* [Exercise instructions]: Each entry below should be restated word for word, without any picture it contains.

* [Supplied records]:

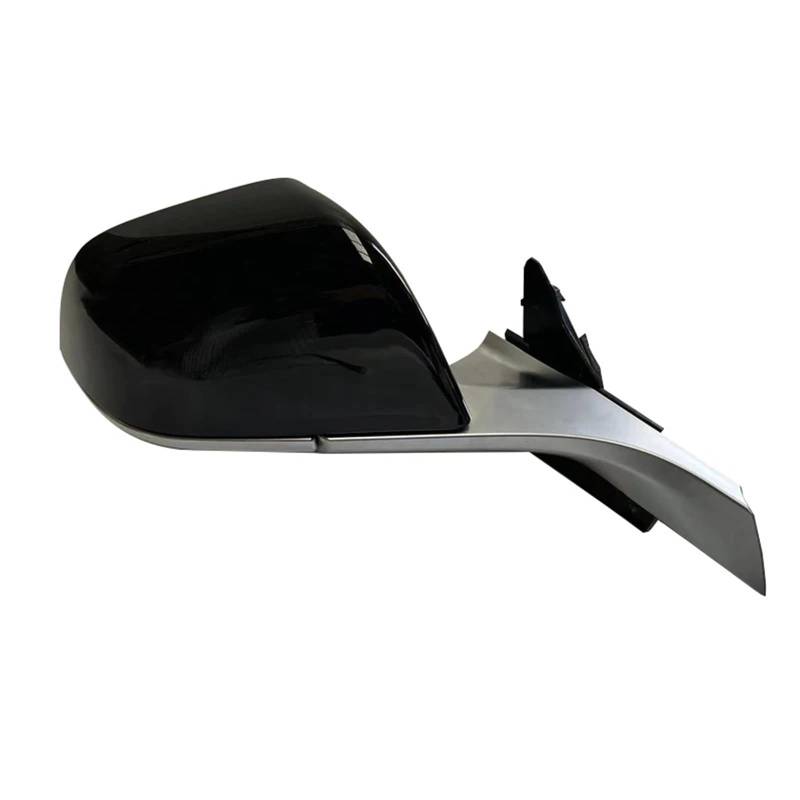 Kompletter Rückspiegel Für Tesla Für Modell 3 2020-2023 1495587-00-C Auto Elektrische Einstellung Elektrische Klapp Heizung Auto Seite Rückspiegel Montage Komplette Außenspiegel Auto(12Only Right 2019 von YUCHUJCGSS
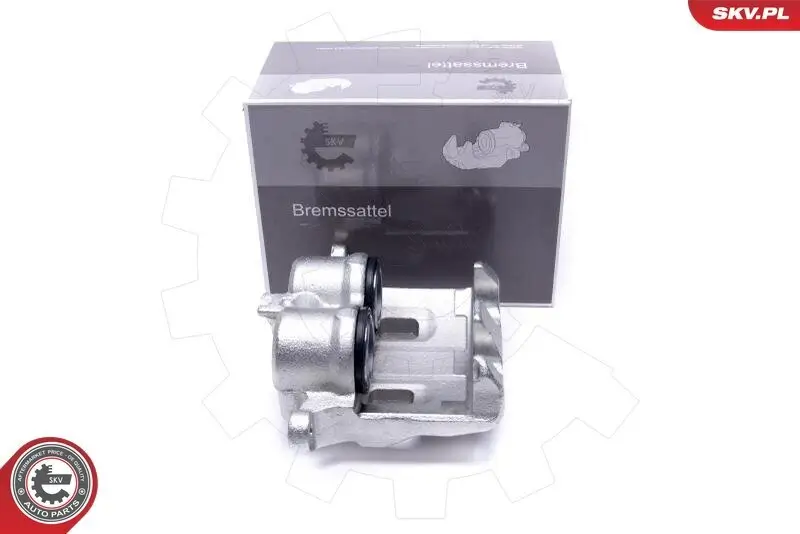 Bremssattel Vorderachse links ESEN SKV 56SKV051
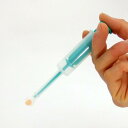 ピルガン 犬猫 投薬補助 小さなペット用 注射器＆乳首 子犬 子猫 犬 猫 小動物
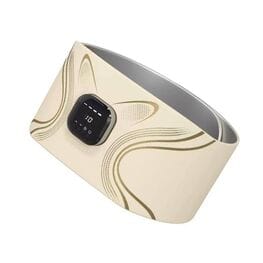 Lumbar Pulse Massager пульсомассажер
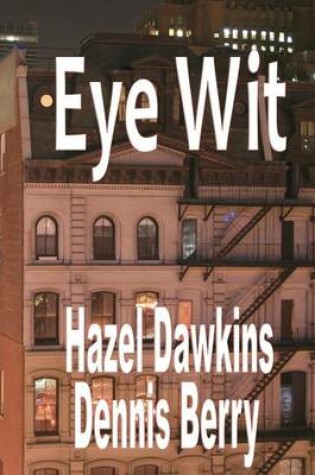 Cover of Eye Wit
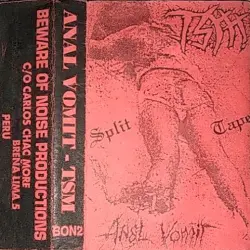 Anal Vomit / TSM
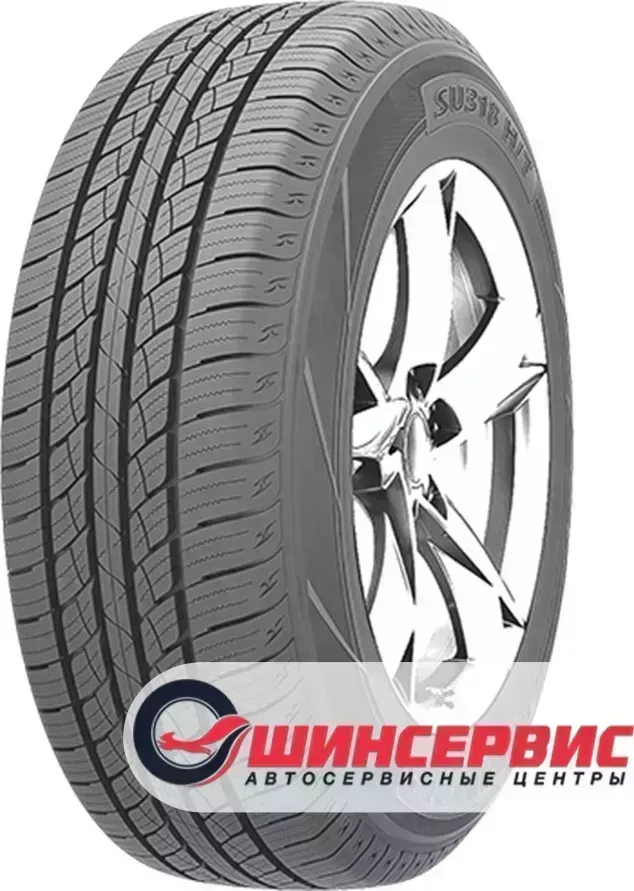 Шина Westlake SU318 H/T 225/60/R17 103 V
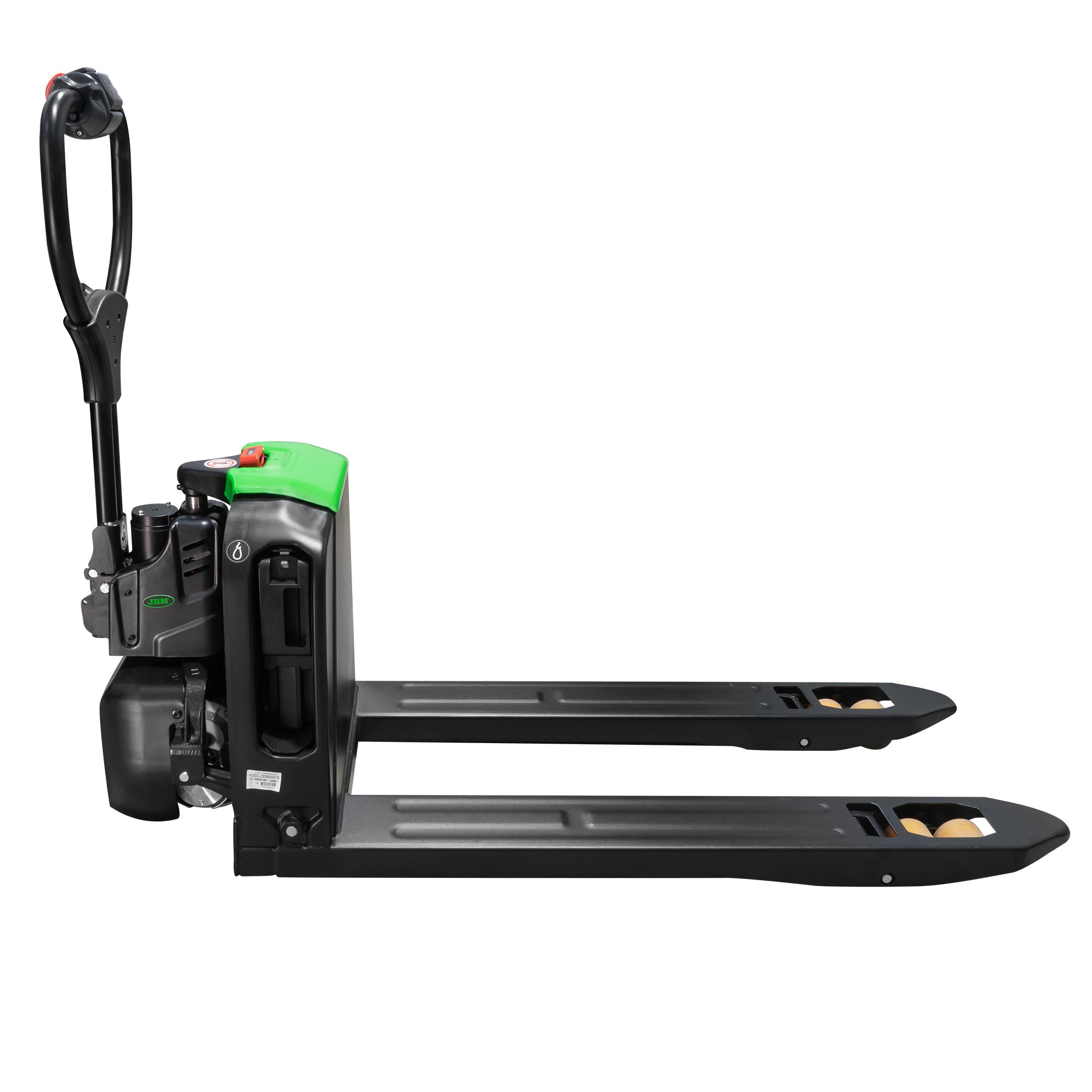 TRANSPALLET ELETTRICO 1500KG 54396 JBM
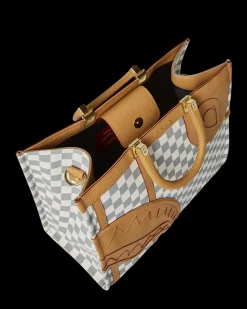 HENNY LATTE TORTUGA TOTE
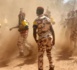 Tchad : 15 officiers promus au grade de général de division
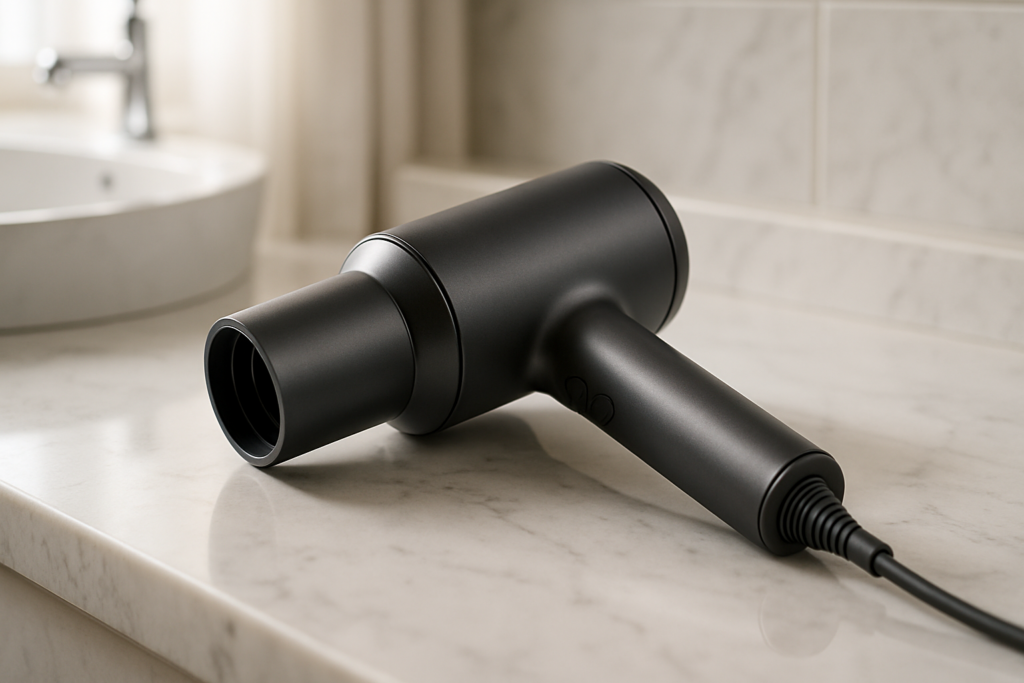 Stunning pink ReFa hair dryer models with release dates and prices compared, essential beauty tool showcasing latest 2026 collection details elegantly displayed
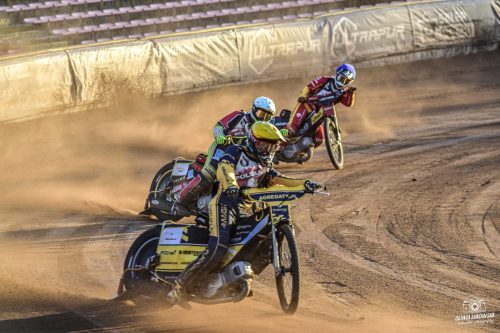 Turniej Zaplecza Kadry Juniorów - Gniezno,15.09.2026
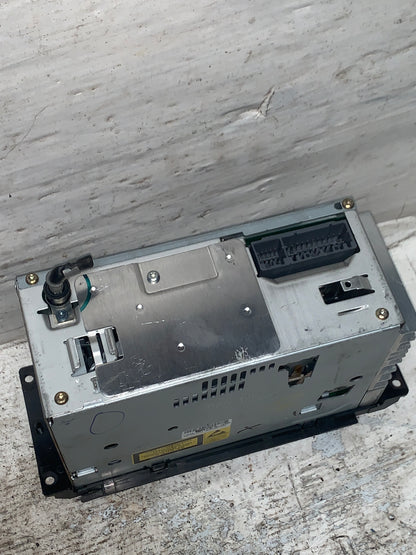 Radio Jeep Liberty KJ 2003 2006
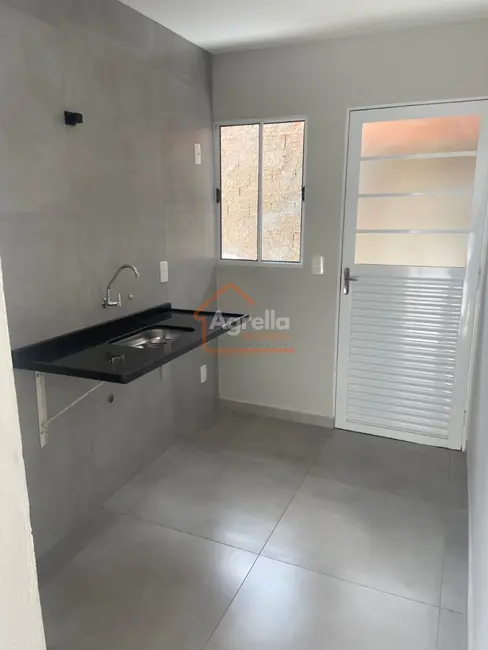 Foto 3 de Casa com 2 quartos à venda, 42m2 em Mogi Guacu - SP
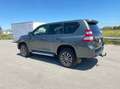 Toyota Land Cruiser D-4D GX Green - thumbnail 6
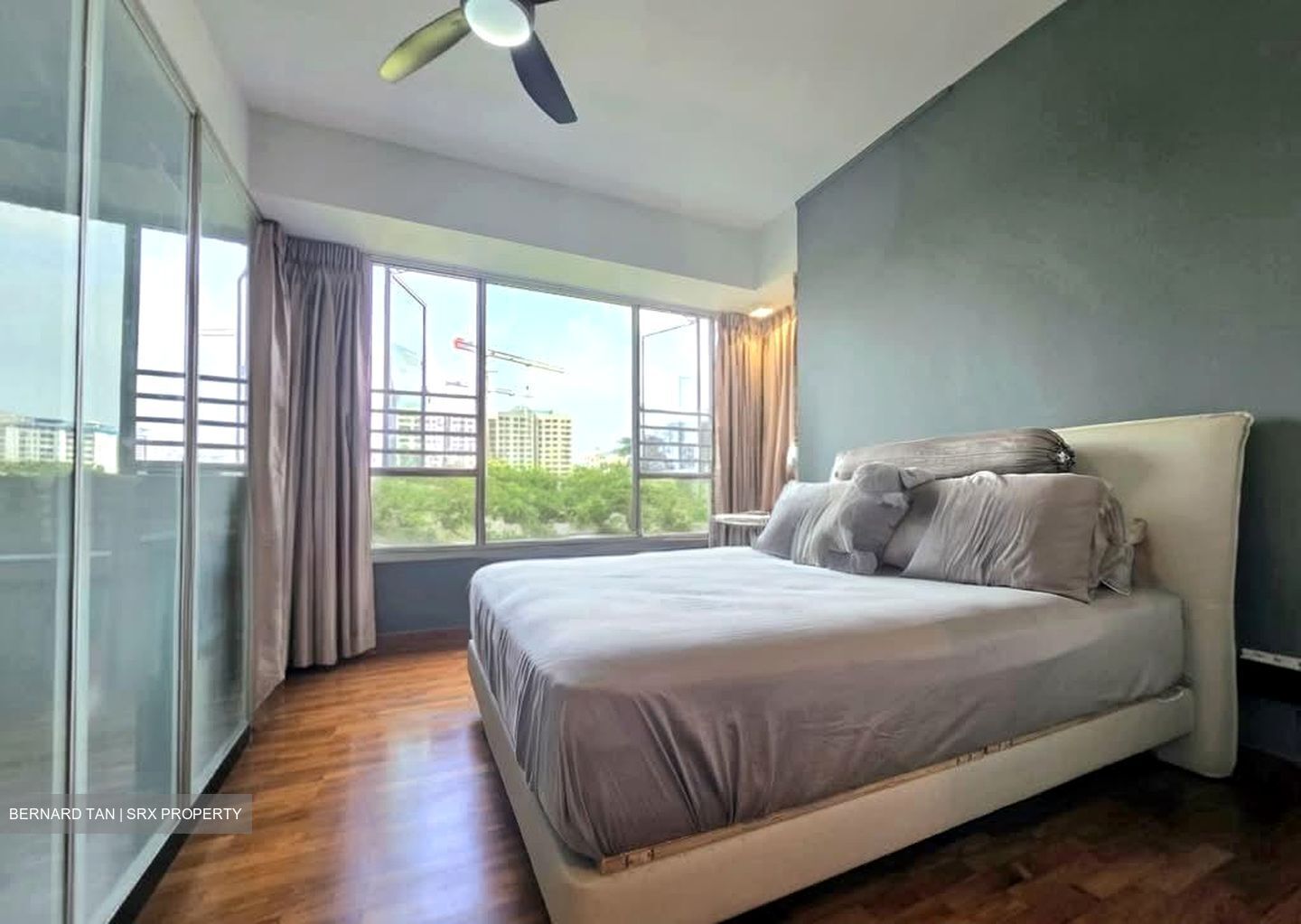 Baywater (D16), Condominium #600309411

* [Response below]:
 Kompletter Rückspiegel Für Tesla Für Modell 3 2020-2023 1495587-00-C Auto Elektrische Einstellung Elektrische Klapp Heizung Auto Seite Rückspiegel Montage Komplette Außenspiegel Auto(12Only Right 2019 von YUCHUJCGSS
 Bremssattel Vorderachse links ESEN SKV 56SKV051
 ピルガン 犬猫 投薬補助 小さなペット用 注射器＆乳首 子犬 子猫 犬 猫 小動物
 Lumbar Pulse Massager пульсомассажер
 Cover of Eye Wit
 Anal Vomit / TSM
 Шина Westlake SU318 H/T 225/60/R17 103 V
 TRANSPALLET ELETTRICO 1500KG 54396 JBM
 HENNY LATTE TORTUGA TOTE
 Tchad : 15 officiers promus au grade de général de division
 Stunning pink ReFa hair dryer models with release dates and prices compared, essential beauty tool showcasing latest 2026 collection details elegantly displayed
 Turniej Zaplecza Kadry Juniorów - Gniezno,15.09.2026
 Radio Jeep Liberty KJ 2003 2006
 Foto 3 de Casa com 2 quartos à venda, 42m2 em Mogi Guacu - SP
 Toyota Land Cruiser D-4D GX Green - thumbnail 6
 Baywater (D16), Condominium #600309411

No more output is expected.